Climate modelling between bits and bytes

Hi there. I’m Milan. A climate scientist.

I’m a Schmidt AI in Science Fellow at the University of Oxford working on combining climate modelling and machine learning. During my PostDoc at the Massachusetts Institute of Technology I started developing SpeedyWeather.jl, a modern intermediate-complexity atmospheric model written in Julia. With this model I’m on a mission to reinvent atmospheric modelling towards interactivity and extensibility accelerating climate research. Based on this user and developer-friendly model, I am using machine learning to correct the simulated climate towards data. My Schmidt AI in Science Fellowship aims to do that for precipitation in an online-learning fashion, integrating a machine-learned precipitation correction on every time step.
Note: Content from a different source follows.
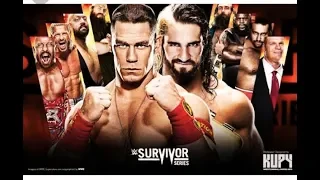 WWE Team cena vs Team authority, survival series (Highlight 2014)....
I am also an incoming NERC Independent Research Fellow at Oxford Physics/AOPP to be started in summer 2025. This means I can supervise Master and PhD (DPhil in Oxford slang) students now, particularly in the PhD programmes Intelligent Earth CDT and the Environmental Research DTP. If you are interested in pursuing a PhD and would love to work on and learn about atmospheric modelling in combination with machine learning please reach out. Especially if you are not keen to drown in dusty Fortran code — not my passion either. I am always fire to bring brandnew concepts of software engineering and computer science into climate research. That’s why I am an active Julia developer, see my GitHub profile. My research interests cover large various aspects between climate physics, modelling, computer science and software engineering, see below.

I hold a PhD from Oxford in climate computing with Tim Palmer after a very comprehensive education in climate physics from different universities in Germany, France, and Norway. During that time, I crossed the Tropical Atlantic on an oceanographic research vessel and spent a winter in Svalbard studying meteorology in the Arctic with weather stations. The combination of fieldwork with the theoretical and computational work of my research has allowed me to see the bigger picture and to better understand the climate system as a whole.

  • Climate modelling: Combining machine learning and dynamical models, atmosphere and ocean, grid-point and spectral, dynamical core development, stochastic parameterizations, turbulence closures.
  • Computing: High-performance, low-precision, parallel, CPU vs GPU, number formats, stochastic rounding, efficiency.
  • Data compression: Real information in climate data, lossy and lossless, information theory, data formats.
  • Predictability of weather and climate: Chaos, uncertainty, ensemble prediction, error growth, weather forecasting.
  • Software engineering: Open source, multiple dispatch and code composability, automatic differentiation, and the Julia programming language.
  • Data visualisation and science communication: Intuitive diagrams, user experience, better posters, better talks, accessibility and alwasy very pretty plots.
  • Aviation and decarbonisation: Global warming impact, non-CO2 effects, emission scenarios, carbon footprints.

As a climate scientist, I feel responsible to voice urgency and hope on the climate catastrophe, both through media and in teaching. While my main research develops computationally efficient climate models, I see great potential in interdisciplinary work to tackle other urgent problems to sustain the health of our planet.